DIRECTIONS
In the records below, find the line containing "Kelly Clarkson Performs Live 的图像结果" and the line containing "2556 Angling Road, Kalamazoo, MI 49008"; please repeat exactly the lines from one to the other, both included, and nothing more.

MATERIALS PROVIDED
+ + + + + + +

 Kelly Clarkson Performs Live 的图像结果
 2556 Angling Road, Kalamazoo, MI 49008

+ + + + + + +

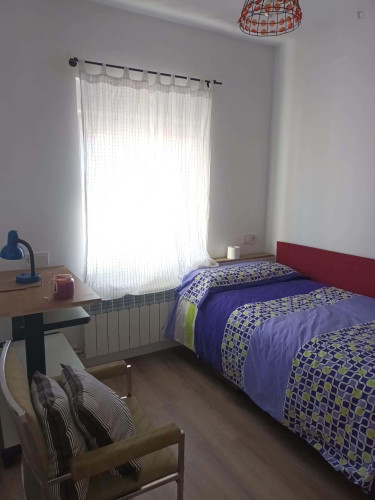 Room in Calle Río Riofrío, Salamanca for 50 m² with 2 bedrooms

+ + + + + + +

RESULT BELOW
 Kelly Clarkson Performs Live 的图像结果
 2556 Angling Road, Kalamazoo, MI 49008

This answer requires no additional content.